The parish council has responsibility for local issues, including setting an annual precept (local rate) to cover the council's operating cost.

The parish falls within the unitary authority of North Somerset which was created in 1996, as established by the Local Government Act 1992. It provides a single tier of local government with responsibility for almost all local government functions within its area including local planning and building control, local roads, council housing, environmental health, markets and fairs, refuse collection, recycling, cemeteries, crematoria, leisure services, parks, and tourism. It is also responsible for education, social services, libraries, main roads, public transport, trading standards, waste disposal and strategic planning, although fire, police and ambulance services are provided jointly with other authorities through the Avon Fire and Rescue Service, Avon and Somerset Constabulary and the South Western Ambulance Service.

North Somerset's area covers part of the ceremonial county of Somerset but it is administered independently of the non-metropolitan county. Its administrative headquarters is in the town hall in Weston-super-Mare. Between 1 April 1974 and 1 April 1996, it was the Woodspring district of the county of Avon. Before 1974 that the parish was part of the Axbridge Rural District.

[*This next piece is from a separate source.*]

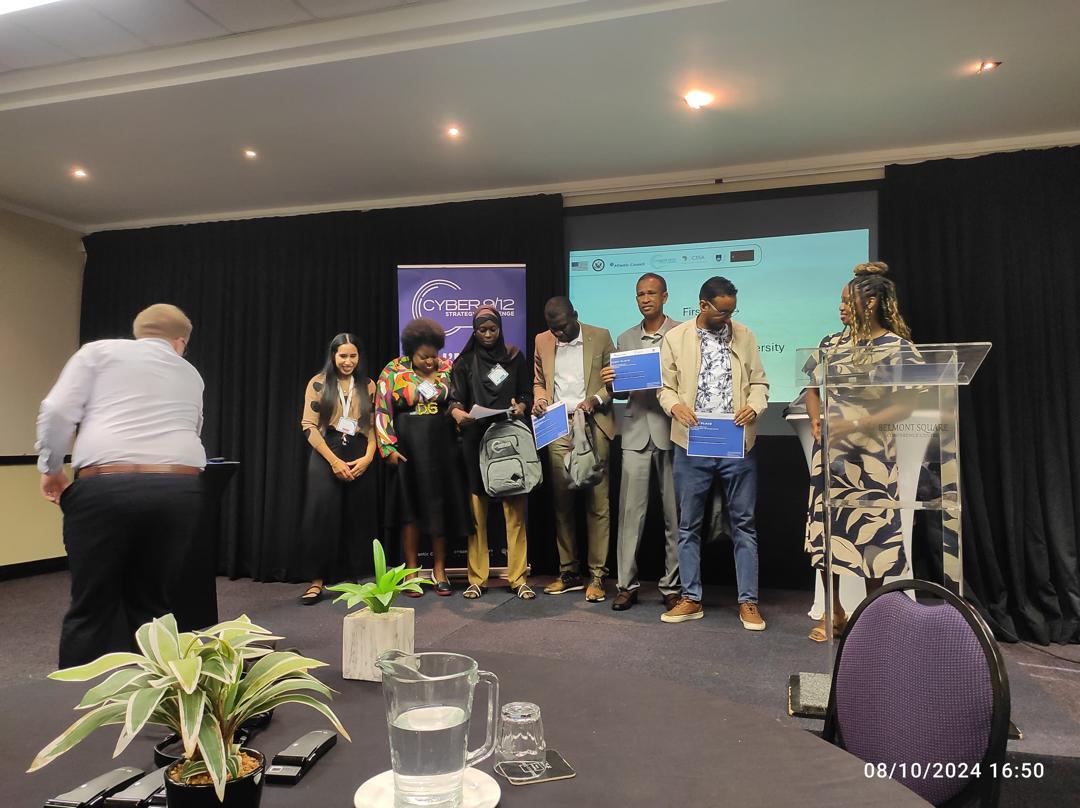 🏆🥇Victoire éclatante de #EagleSen au #Cyber912 ! Nos experts en cybersécurité ont brillé sur la scène internationale en matière de résilience numérique. #Senegal <a href="/UCAD_Senegal/">Université Cheikh Anta Diop de Dakar</a>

The parish is represented in the House of Commons of the Parliament of the United Kingdom as part of the Wells and Mendip Hills constituency. It elects one Member of Parliament (MP) by the first past the post system of election. It was also part of the South West England constituency of the European Parliament prior to Britain leaving the European Union in January 2020, which elected seven MEPs using the d'Hondt method of party-list proportional representation.

==Religious sites==

The Church of the Holy Trinity is from the 15th century and was restored in 1884. It is a Grade I listed building. It contains a stained-glass window, with the arms of the Capels of Langford Court. The tower contains a bell dating from 1713 and made by Edward Bilbie of the Bilbie family.